**EXERCISE GOAL**
Filter the data for "Best" and copy matching lines.

##########

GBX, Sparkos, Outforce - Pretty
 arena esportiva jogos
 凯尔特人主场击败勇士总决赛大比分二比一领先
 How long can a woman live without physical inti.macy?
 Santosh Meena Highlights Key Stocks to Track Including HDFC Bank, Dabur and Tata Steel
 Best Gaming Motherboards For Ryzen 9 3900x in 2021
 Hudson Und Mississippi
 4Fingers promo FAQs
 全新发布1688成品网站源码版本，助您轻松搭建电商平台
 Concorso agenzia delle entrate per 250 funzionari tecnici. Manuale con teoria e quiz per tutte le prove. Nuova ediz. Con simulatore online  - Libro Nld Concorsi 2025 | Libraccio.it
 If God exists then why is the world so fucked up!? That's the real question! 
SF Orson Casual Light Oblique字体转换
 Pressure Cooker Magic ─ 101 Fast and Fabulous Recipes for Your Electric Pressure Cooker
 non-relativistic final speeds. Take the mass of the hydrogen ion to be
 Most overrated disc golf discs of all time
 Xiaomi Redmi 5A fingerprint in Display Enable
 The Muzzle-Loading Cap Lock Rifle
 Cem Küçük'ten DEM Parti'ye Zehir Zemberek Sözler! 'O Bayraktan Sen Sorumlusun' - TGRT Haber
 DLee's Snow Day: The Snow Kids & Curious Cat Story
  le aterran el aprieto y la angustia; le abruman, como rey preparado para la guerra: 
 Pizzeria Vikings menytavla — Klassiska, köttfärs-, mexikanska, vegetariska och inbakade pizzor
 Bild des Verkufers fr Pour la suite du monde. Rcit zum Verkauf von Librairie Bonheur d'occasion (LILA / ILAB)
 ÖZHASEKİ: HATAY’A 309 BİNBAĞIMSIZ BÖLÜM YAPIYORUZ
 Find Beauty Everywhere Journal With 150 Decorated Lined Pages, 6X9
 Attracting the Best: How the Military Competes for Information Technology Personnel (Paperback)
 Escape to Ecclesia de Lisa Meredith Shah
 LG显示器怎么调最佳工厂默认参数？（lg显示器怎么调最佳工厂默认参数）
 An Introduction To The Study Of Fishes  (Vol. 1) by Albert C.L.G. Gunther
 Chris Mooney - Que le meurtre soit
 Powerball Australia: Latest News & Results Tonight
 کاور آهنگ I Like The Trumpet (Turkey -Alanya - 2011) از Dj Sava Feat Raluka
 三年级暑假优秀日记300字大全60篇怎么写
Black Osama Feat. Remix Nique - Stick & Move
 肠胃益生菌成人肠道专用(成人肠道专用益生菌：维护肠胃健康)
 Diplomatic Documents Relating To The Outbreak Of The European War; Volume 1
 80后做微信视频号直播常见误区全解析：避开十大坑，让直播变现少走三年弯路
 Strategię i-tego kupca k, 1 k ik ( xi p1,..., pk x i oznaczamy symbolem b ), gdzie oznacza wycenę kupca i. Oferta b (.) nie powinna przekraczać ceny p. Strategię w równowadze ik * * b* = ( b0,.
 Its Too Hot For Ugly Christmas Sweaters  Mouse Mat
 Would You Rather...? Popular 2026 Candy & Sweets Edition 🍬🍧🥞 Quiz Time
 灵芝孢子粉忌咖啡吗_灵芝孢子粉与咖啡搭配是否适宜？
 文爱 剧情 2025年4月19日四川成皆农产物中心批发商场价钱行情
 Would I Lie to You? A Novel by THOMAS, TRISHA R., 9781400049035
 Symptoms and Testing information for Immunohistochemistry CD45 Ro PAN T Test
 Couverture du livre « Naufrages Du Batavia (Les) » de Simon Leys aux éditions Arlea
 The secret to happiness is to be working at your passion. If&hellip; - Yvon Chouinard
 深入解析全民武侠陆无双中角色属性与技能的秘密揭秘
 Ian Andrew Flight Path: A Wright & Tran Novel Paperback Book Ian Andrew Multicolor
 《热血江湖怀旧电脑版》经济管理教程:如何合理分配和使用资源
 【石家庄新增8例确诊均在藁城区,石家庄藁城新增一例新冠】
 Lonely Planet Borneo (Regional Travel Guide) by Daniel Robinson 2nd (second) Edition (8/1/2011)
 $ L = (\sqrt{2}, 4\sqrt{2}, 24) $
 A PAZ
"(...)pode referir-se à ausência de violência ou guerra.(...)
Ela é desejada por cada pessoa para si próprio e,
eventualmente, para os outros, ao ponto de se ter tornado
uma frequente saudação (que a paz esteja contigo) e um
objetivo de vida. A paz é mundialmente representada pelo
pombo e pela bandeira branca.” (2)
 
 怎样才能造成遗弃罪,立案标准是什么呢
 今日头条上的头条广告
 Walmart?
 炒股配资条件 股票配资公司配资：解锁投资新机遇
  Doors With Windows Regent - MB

##########

**OUTPUT FOR THIS EXERCISE**
 Best Gaming Motherboards For Ryzen 9 3900x in 2021
 Attracting the Best: How the Military Competes for Information Technology Personnel (Paperback)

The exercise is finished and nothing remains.